Als Mitte-Ständerat steht Othmar Reichmuth, ausgebildeter Käser, Vater von vier Kindern und ehemaliger Schwyzer Regierungsrat, mit beiden Füssen auf dem Boden. Er engagiert sich mit pragmatischen Argumenten für ein Ja zum Klima- und Innovationsgesetz.

Anton Ladner

 

Othmar Reichmuth, der Abstimmungskampf läuft heiss. Der Zürcher FDP-Ständerat Ruedi Noser ist aus Protest aus dem Hauseigentümerverband ausgetreten, weil sich der Verband von der SVP gegen das Klimagesetz instrumentalisieren lasse. Überrascht Sie das?

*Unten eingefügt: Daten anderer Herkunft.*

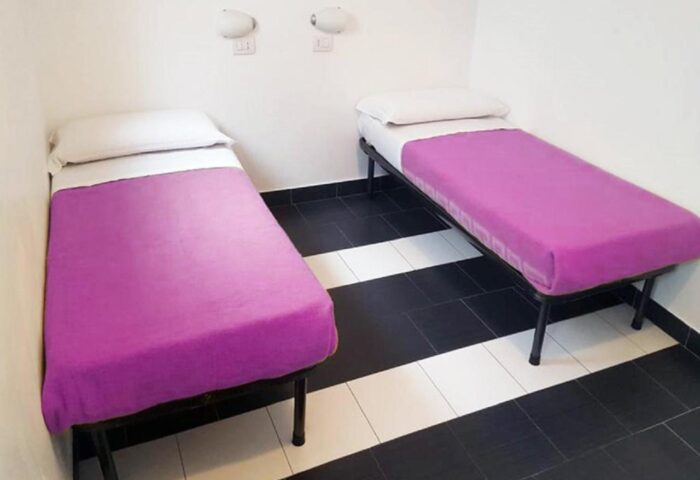 New Generation Hostel Milan Center: Gay-friendly hotel room with two single beds and purple blankets, black and white striped floor.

Ich kenne Ruedi Noser als gradlinige, vorausschauende und konsequent handelnde Persönlichkeit. Somit überrascht mich sein Entscheid nicht.

Das Klima- und Innovationsgesetz ist ein komplexes Gebilde. Warum löst es so viele Emotionen aus?

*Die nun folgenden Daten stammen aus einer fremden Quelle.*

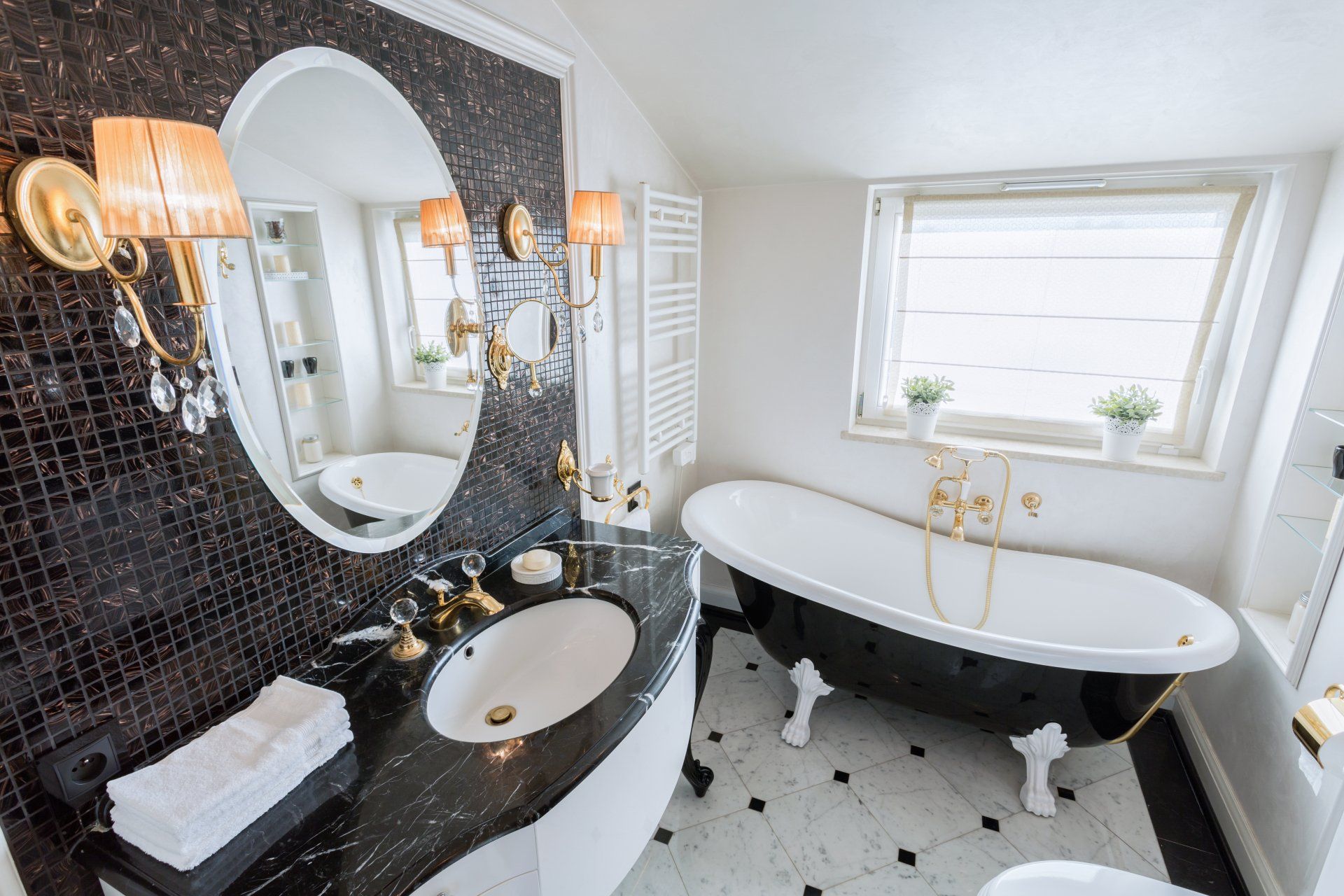 Elegant bathroom with black and white mosaic tile, a clawfoot tub, and gold accents.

Es ist nicht das Gesetz, sondern das Thema Klima und damit verbunden die Energiepolitik, was die emotionalen Reaktionen auslöst. Viele befürchten den Verlust von Wohlstand, die Einschränkung unserer Mobilität und die Gefährdung unserer Wirtschaftskraft. Gleichzeitig merken aber auch viele, dass es so nicht weitergehen kann. Die fossilen Ressourcen sind beschränkt und die negativen Umweltauswirkungen breit anerkannt. Dieses Dilemma löst Ängste oder zumindest Unbehagen aus. Die beiden Pole der Klimaaktivisten und der Klimaleugner bespielen diese Ängste und bereiten damit der Sache einen Bärendienst. Vielmehr sind jetzt Verantwortung übernehmen und Handeln gefragt – beides machen wir mit dem Klimaschutzgesetz.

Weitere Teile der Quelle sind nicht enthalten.